“Should I sell my business?” one might wonder after several years of business operations not achieving the goal for the company—or worse, not churning out any profits. It is a viable choice to sell the business because you might just incur further losses if you do not. As we all know, it is very hard to survive when you are swimming in tons of debts. However, do not be so quick on selling your business. You might still turn this thing around.
If your business has a good office space, you might consider converting it into a long-term rental property. Remember that your property still has a value and you might want to capitalize on it, especially if the office is located near commercial and essential establishments. It is also a plus if it is very accessible.
Making your business real estate a long-term rental property in Australia can provide you with a stable and consistent revenue stream without even working every day. It is like having a regular pension even before retiring. However, there are many things you need to remember to make this new venture successful.
Here are some of the things you should take into account when opting to have a long-term rental property in Australia.
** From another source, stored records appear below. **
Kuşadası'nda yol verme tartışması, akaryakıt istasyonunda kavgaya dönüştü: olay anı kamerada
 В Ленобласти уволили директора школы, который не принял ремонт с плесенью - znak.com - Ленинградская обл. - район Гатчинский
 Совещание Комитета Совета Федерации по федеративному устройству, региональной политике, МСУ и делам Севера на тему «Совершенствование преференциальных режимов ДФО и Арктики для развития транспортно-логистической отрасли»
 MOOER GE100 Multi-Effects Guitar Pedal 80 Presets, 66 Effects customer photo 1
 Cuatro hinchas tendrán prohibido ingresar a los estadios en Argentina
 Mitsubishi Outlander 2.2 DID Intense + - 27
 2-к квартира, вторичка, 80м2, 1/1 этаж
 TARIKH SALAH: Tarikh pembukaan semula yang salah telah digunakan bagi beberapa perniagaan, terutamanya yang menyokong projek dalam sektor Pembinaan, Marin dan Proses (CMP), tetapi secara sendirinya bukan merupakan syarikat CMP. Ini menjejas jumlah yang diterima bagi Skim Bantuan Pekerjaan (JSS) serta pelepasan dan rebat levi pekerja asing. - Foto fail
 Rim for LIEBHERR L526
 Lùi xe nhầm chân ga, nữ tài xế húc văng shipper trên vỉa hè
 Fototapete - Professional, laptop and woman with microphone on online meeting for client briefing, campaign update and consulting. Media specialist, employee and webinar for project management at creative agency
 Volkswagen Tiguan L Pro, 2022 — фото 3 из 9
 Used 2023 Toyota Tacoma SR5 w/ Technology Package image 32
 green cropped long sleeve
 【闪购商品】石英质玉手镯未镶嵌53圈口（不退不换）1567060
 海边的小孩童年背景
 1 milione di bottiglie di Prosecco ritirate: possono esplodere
Setting the Rental Rate For the Long-Term Rental Property
When pricing the rental rate, you have to consider the following:
- size of the property
- functions of the property
- location of the real estate
These are the primary factors you need to consider so you can come up with a reasonable rental rate. At the same time, you also put in mind the market value of the nearby properties in your location. Make sure that it is competitive enough to attract tenants.
It is also wise to make a comparative market analysis to give you further insight on how to compute the rental rate. After doing so, you can also compute how much will be your earnings after a particular period. You might also adjust the rental rate according to your financial goals, if possible.
Picking the Suitable Tenants for Your Long-Term Rental Property
Having the right tenants in your real estate can give you a fortune. Remember that they are a source of income, so you might want someone who meets payment deadlines consistently. You would not want a bad tenant who caused damage on the rental property because it will cost you as well.
You would also not want a tenant who does not intend to stay for a long time. The period you spent looking for another tenant means loss of rental income as well.
To get to know the tenant prior to the signing of the rental contract, you can do the following:
- conduct a personal interview
- do background checks
- look into credit score review
- ask for landlord referrals, if necessary
Evaluating the Rental Property Expenses
Among the things you should really watch out for is your expenses, like in any business. You would not want to be incurring more expenses than you are earning money—that just means you are not generating profits at all. Here are some real estate investing tips to help you save some money:
- Study the rental property tax deductions so you can apply them in your business.
- Always keep up with the maintenance of the long-term rental property.
- Perform regular checkups of the property to avoid serious damages.
- If you have extra money, do some enhancements in the property to maximize the rental rate.